In another mouse model of dominant OI due to a Col1a1 mutation (Brtl), 2 weeks of Sclerostin antibody therapy in juvenile mice was enough to increase both femoral cortical and trabecular bone and long-bone strength.(46) Another study found similar results with 6 weeks of therapy in juvenile mice with a Col1a2 mutation (G610C), although the effects of the therapy were not as large as the Lrp5 HBM allele.(44) Further work showed that 5 weeks of Sclerostin antibody therapy in both rapidly growing and adult mice (Brtl) increased femoral cortical and trabecular bone strength, although the trabecular effects were more pronounced in the adult mice.(47, 48) Interestingly, the adult mice did not show improvements in bone density in the spine, suggesting there may be age dependent effects of Sclerostin antibody.(48)

All of the above data is from OI mutations resulting in a mild to moderate OI phenotype. Data in more severely affected animal models are mixed. In one severe model of dominant OI due to Col1a1 mutations (Jrt), 4 weeks of Sclerostin antibody therapy increased femoral trabecular bone in rapidly growing but not adult mice and did not increase spinal trabecular bone in either the juvenile or adult mice.(49) Further, treatment did not improve long bone strength at either age.(49) However, in another severely affected mouse model of OI due to recessive mutations in the Crtap gene, six weeks of Sclerostin antibody therapy given to juvenile mice resulted in increased cortical and trabecular bone at both the femur and the spine as well as increased long bone strength.(50) Rapidly growing mice treated from age 1 week to age 7 weeks showed similar results in trabecular bone at the femur and spine but did not show an increase in cortical thickness, only cortical area, and there was also no improvement in strength of the long bones.(50) This data again suggests that there may be an age dependent effect on response to Sclerostin antibody in OI and further, that the specific collagen mutation may influence the response to therapy.
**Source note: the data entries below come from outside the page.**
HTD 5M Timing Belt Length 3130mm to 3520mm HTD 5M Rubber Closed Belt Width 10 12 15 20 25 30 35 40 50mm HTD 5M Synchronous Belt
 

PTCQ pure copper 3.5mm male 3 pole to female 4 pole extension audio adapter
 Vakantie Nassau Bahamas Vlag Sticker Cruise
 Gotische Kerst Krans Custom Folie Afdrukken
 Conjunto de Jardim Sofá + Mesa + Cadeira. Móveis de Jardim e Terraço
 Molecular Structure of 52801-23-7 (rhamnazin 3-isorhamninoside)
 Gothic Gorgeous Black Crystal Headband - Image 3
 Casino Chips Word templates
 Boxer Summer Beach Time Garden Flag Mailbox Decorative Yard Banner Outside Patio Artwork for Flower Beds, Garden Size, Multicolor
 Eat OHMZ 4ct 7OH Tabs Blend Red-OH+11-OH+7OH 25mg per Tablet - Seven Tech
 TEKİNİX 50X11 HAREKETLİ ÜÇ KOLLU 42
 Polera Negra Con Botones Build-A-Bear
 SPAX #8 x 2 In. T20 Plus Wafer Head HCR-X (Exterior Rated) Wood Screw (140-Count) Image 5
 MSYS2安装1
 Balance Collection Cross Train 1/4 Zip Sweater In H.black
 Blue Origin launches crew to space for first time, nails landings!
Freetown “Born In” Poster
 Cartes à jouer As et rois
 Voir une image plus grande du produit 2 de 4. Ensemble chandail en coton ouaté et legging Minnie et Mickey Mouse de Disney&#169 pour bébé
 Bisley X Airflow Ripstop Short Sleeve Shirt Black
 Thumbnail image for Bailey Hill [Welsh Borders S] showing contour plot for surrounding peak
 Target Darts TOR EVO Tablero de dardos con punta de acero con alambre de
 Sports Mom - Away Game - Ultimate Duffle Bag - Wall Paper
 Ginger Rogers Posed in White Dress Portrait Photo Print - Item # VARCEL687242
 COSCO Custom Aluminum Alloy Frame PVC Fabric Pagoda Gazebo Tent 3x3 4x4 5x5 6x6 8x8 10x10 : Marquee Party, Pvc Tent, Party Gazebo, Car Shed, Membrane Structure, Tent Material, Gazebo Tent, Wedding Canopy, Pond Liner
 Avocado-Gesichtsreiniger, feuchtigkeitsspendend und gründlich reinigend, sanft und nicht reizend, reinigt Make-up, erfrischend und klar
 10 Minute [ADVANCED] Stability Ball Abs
3.1.1 Sclerostin antibody therapy or an Lrp5 HBM mutation do not improve bone quality in OI

While most mouse models of OI treated with Sclerostin antibody show improvements in bone mass and strength, there is little evidence of a corresponding improvement in bone quality. Mice with haploinsufficency of a Col1a1 allele (Mov13) and an Lrp5 HBM allele do not show an improvement in post-yield displacement (brittleness) compared to littermates with an OI allele. Further, FTIR studies of different OI mouse models with dominant OI mutations (G610C and Mov13) and Lrp5 HBM showed no change in the abnormal mineral to matrix ratio seen in OI bone, consistent with lack of improvement in bone quality.(45, 51) Similar results were seen in another mouse model (Brtl) when juvenile mice were treated for 2 or 5 weeks with Sclerostin antibody. There was no improvement in brittleness nor an effect on the estimated elastic modulus.(46, 48, 52) There was also no improvement in brittleness seen in the rapidly growing and juvenile recessive Crtap mice treated with anti-Sclerostin antibody and no improvement in increased matrix mineralization either the juvenile or adult Jrt mice treated with antibody.(50, 53) Interesting, 5 weeks of Sclerostin antibody therapy in adult mice (Brtl) did increase post-yield displacement suggesting an improvement in brittleness.(47) This again suggests an age dependent effect of Sclerostin antibody in OI.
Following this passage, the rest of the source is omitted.